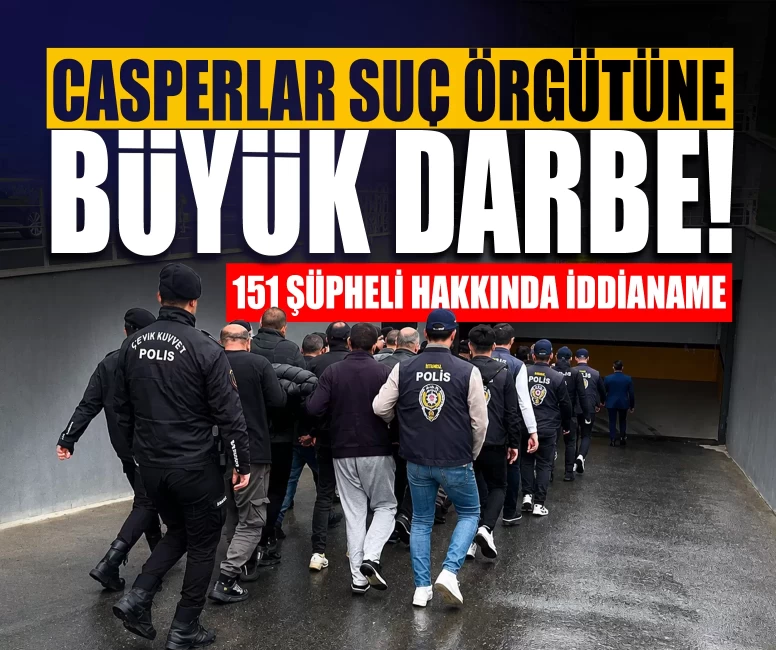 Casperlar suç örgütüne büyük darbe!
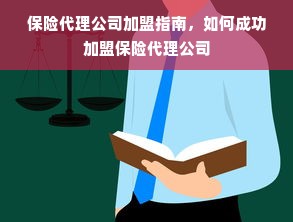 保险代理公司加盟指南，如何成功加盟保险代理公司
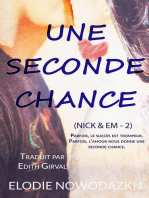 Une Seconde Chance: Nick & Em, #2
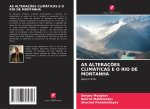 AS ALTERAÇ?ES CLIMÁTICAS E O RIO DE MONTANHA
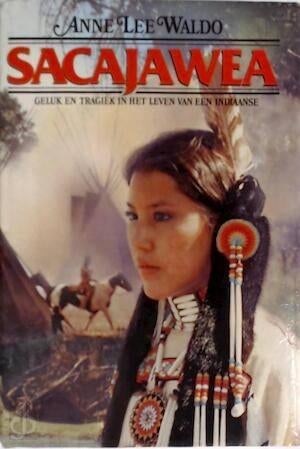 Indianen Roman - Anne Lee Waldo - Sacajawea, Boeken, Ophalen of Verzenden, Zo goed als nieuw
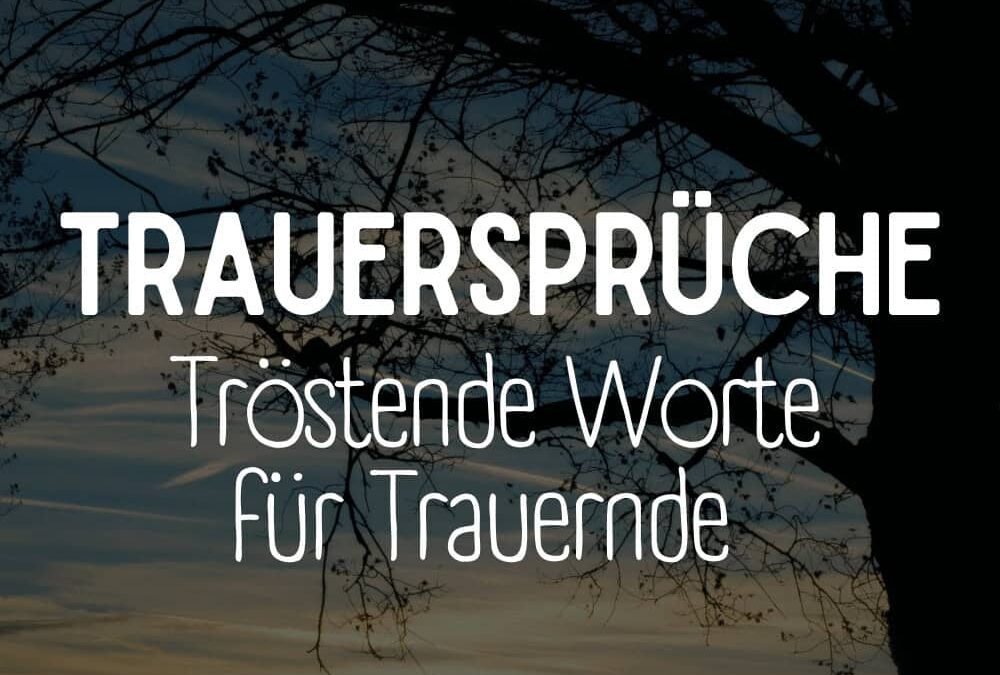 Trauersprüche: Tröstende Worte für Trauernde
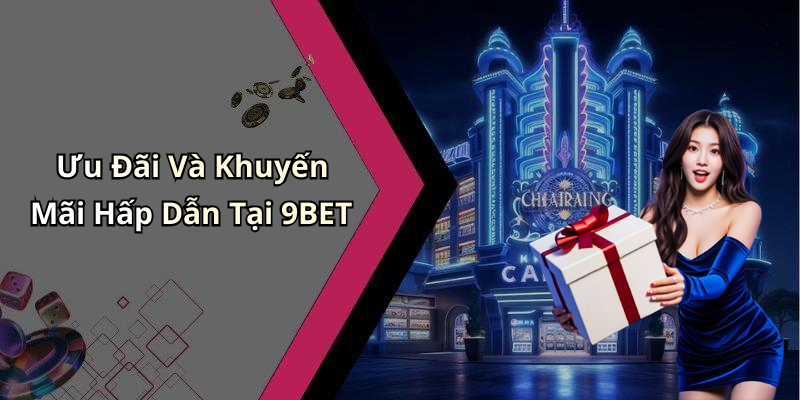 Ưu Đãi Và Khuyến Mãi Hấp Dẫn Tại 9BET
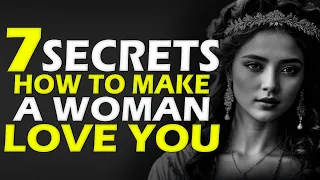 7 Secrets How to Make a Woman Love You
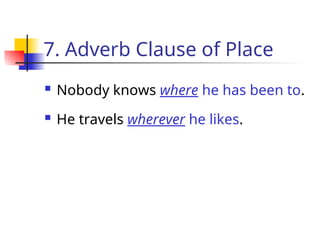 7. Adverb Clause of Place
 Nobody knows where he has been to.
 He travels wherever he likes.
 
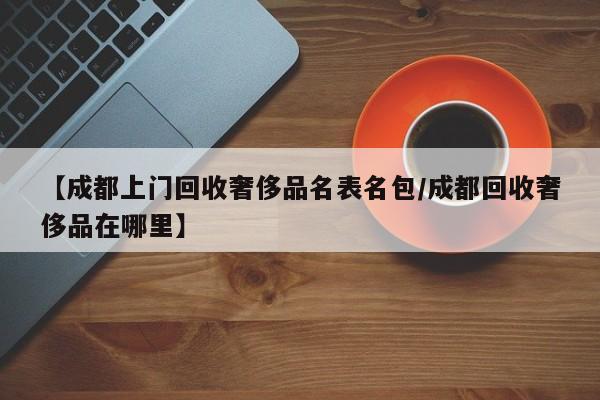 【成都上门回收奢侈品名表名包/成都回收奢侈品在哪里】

YOUR OBJECTIVE:
Copy out, unchanged, the span of lines beginning with the one that includes "Indianen Roman - Anne" and running through the final line of the material above. Leave the pictures out.

TASK RESPONSE:
 Indianen Roman - Anne Lee Waldo - Sacajawea, Boeken, Ophalen of Verzenden, Zo goed als nieuw
 Trauersprüche: Tröstende Worte für Trauernde
 Ưu Đãi Và Khuyến Mãi Hấp Dẫn Tại 9BET
 7 Secrets How to Make a Woman Love You
 7. Adverb Clause of Place
 Nobody knows where he has been to.
 He travels wherever he likes.
 
 【成都上门回收奢侈品名表名包/成都回收奢侈品在哪里】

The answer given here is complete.